• SOURCE DATA
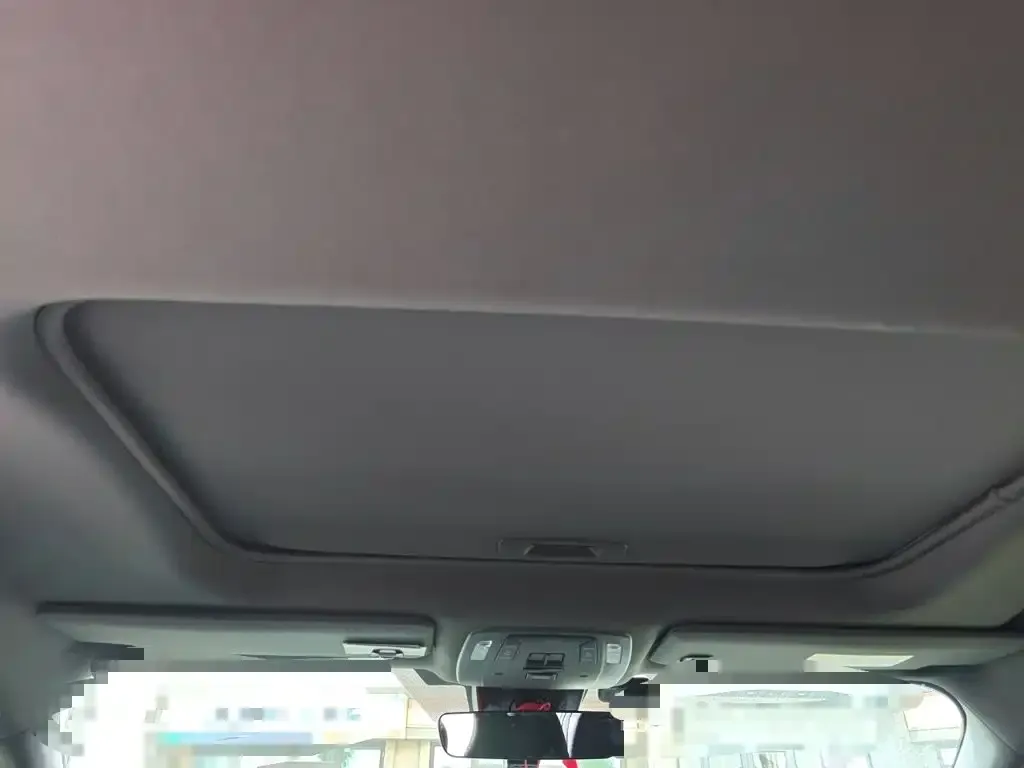 Toyota Sienna — фото 3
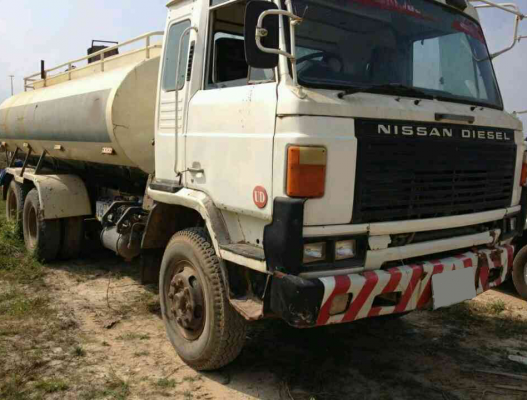 ขาย รถบรรทุก น้ำ NISSAN UD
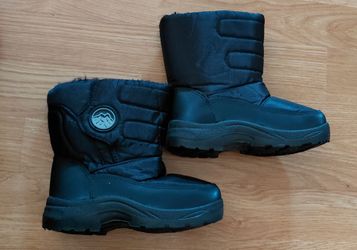 Snowboots size 10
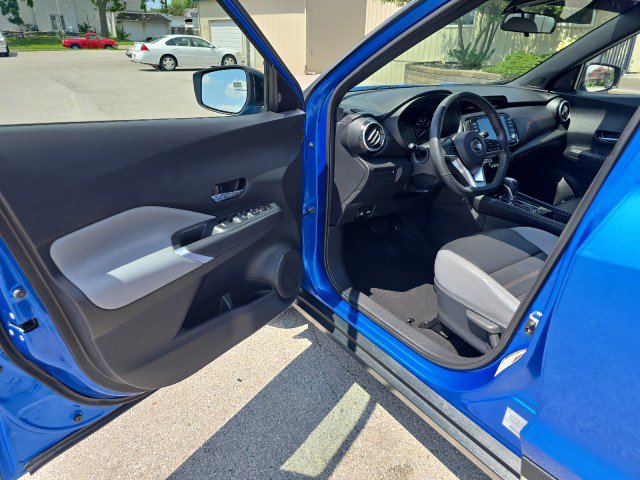 Used 2021 Nissan Kicks SR w/ SR Premium Package image 14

• WORK INSTRUCTION
I need the lines from the line containing "Snowboots size 10" through the final line of the listing duplicated exactly, both ends included, with no pictures and nothing else.

• OUTPUT
 Snowboots size 10
 Used 2021 Nissan Kicks SR w/ SR Premium Package image 14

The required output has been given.